▶ [WHAT THIS TASK INVOLVES]
A line below contains "Close-up of a", and a later one contains "The image captures". Repeat both, with every line between them, exactly.

[[ DATA EXTRACTS, beginning ]]

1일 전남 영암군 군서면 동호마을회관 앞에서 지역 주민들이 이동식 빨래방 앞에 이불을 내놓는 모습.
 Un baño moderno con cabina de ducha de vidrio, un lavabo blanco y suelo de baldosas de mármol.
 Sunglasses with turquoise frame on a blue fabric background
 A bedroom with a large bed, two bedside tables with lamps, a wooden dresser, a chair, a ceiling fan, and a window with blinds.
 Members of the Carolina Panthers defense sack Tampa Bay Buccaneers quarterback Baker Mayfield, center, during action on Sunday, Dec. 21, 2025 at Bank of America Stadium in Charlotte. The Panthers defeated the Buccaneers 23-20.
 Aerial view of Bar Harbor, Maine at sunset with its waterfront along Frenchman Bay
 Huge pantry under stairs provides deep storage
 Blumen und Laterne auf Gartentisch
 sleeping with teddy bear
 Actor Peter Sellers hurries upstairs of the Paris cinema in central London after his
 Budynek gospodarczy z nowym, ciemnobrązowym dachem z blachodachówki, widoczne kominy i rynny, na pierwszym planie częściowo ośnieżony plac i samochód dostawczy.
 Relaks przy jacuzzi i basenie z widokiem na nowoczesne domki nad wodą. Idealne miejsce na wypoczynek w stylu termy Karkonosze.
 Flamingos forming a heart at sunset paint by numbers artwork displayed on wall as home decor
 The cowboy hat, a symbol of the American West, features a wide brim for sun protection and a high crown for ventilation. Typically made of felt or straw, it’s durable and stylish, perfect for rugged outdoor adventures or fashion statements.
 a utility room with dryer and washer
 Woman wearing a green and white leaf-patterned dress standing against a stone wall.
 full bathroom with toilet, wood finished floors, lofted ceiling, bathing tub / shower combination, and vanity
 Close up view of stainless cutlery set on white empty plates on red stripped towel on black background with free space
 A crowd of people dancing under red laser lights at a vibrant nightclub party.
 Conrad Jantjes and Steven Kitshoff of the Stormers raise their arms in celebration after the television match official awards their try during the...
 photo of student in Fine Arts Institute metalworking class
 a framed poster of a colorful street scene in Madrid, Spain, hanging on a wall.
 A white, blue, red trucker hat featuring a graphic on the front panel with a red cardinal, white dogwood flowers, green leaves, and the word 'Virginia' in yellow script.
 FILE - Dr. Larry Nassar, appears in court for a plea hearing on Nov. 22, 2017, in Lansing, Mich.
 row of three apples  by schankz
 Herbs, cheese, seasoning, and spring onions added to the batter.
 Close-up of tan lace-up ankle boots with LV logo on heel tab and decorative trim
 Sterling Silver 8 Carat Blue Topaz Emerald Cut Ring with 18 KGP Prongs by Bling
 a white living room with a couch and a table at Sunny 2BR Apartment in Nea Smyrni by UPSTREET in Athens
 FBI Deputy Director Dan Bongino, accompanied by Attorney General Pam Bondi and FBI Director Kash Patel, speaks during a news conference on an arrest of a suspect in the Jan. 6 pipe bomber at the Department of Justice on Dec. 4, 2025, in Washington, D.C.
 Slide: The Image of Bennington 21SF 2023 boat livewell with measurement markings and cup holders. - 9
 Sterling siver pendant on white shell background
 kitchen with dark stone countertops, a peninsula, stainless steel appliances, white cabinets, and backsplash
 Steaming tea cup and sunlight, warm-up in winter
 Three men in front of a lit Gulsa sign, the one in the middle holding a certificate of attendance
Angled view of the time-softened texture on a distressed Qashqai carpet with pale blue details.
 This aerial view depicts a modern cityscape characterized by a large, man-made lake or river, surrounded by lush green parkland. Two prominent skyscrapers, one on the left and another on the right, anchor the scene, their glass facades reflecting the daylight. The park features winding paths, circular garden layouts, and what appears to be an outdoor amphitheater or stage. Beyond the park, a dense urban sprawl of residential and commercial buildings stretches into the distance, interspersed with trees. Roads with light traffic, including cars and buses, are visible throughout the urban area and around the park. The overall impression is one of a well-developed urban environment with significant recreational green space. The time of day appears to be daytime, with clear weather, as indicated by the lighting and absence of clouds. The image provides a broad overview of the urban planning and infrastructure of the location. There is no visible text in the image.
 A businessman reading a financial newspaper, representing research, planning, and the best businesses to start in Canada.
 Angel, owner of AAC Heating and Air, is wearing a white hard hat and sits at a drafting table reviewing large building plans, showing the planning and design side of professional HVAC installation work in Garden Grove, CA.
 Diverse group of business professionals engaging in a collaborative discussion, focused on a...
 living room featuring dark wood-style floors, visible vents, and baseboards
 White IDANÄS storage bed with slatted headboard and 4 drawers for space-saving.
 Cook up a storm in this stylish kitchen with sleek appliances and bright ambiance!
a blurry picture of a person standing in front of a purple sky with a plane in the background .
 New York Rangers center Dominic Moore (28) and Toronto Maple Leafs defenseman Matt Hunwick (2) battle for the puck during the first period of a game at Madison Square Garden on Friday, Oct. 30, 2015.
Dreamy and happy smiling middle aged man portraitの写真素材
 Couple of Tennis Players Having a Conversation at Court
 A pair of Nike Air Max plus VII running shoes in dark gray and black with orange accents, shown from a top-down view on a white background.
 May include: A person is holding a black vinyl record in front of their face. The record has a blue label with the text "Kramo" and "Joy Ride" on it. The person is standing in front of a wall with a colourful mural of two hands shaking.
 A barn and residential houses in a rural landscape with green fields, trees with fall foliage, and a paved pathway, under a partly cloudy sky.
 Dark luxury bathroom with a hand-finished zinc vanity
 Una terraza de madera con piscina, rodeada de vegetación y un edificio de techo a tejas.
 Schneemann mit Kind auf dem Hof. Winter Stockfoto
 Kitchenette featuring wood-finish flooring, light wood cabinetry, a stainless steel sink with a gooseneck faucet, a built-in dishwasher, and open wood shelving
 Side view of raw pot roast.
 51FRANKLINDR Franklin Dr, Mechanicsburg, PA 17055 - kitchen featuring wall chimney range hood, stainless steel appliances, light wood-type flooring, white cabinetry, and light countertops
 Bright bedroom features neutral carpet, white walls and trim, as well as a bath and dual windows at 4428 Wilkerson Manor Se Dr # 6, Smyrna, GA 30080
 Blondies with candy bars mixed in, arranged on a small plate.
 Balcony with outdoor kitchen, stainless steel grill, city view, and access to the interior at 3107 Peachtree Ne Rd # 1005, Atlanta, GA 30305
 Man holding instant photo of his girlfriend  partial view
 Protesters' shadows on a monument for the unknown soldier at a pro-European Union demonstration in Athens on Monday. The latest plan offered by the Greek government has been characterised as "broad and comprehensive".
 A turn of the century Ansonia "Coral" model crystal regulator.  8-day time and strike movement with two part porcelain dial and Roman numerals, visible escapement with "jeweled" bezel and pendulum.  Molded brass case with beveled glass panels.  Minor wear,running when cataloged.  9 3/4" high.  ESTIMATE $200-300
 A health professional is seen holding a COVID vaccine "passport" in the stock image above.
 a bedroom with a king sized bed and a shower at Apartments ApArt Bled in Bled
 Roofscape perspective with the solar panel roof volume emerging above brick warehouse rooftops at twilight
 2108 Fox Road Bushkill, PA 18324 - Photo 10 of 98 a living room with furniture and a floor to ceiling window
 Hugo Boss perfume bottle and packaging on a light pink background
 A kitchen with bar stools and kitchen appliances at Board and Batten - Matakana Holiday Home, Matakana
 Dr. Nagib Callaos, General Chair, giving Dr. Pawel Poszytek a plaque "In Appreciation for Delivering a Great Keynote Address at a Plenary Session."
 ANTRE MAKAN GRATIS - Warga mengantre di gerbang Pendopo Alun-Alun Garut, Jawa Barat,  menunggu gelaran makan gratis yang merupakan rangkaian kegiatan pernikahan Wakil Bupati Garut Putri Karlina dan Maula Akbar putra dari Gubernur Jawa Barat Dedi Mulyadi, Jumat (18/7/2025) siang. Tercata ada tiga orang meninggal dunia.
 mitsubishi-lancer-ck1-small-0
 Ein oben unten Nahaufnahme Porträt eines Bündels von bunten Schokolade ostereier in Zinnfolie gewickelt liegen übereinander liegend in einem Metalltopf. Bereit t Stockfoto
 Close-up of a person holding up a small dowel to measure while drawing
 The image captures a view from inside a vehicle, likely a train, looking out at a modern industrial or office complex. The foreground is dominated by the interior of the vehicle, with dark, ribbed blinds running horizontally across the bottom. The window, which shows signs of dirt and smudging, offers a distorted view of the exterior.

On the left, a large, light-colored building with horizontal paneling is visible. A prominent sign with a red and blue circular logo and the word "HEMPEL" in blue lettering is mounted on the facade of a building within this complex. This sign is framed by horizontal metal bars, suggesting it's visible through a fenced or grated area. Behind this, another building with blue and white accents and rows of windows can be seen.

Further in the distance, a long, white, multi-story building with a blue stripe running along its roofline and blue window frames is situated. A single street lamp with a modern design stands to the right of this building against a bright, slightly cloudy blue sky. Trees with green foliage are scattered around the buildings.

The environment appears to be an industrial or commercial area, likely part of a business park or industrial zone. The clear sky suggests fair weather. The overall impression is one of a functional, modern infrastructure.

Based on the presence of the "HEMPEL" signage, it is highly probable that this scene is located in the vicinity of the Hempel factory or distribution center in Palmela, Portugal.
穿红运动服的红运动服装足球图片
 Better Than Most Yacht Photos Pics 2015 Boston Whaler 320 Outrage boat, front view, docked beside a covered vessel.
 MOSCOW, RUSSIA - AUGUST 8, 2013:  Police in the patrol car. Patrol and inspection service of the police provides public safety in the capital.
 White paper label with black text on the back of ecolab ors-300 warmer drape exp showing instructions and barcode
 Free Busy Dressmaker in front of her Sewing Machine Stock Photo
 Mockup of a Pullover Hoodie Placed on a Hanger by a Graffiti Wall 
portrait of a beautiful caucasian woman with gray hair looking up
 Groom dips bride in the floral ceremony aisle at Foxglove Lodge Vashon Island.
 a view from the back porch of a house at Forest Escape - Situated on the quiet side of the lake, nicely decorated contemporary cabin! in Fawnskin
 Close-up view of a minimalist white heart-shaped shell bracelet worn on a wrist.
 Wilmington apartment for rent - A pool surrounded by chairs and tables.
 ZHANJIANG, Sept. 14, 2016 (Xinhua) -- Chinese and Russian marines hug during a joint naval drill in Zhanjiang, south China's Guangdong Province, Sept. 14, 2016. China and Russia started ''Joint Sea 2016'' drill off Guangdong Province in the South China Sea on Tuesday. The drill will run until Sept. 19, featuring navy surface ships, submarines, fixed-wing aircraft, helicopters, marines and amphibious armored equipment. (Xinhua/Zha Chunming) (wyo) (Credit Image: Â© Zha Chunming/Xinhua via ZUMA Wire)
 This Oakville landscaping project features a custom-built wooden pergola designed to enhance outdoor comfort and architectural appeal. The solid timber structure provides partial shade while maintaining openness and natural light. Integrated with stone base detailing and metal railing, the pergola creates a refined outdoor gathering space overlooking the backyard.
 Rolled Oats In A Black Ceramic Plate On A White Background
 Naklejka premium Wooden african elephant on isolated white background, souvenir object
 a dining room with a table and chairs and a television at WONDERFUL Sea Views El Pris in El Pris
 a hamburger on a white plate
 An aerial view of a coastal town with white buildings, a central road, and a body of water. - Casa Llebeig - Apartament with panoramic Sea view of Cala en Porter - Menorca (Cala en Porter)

[[ DATA EXTRACTS, end ]]

▶ [ANSWER SPACE]
 Close-up of a person holding up a small dowel to measure while drawing
 The image captures a view from inside a vehicle, likely a train, looking out at a modern industrial or office complex. The foreground is dominated by the interior of the vehicle, with dark, ribbed blinds running horizontally across the bottom. The window, which shows signs of dirt and smudging, offers a distorted view of the exterior.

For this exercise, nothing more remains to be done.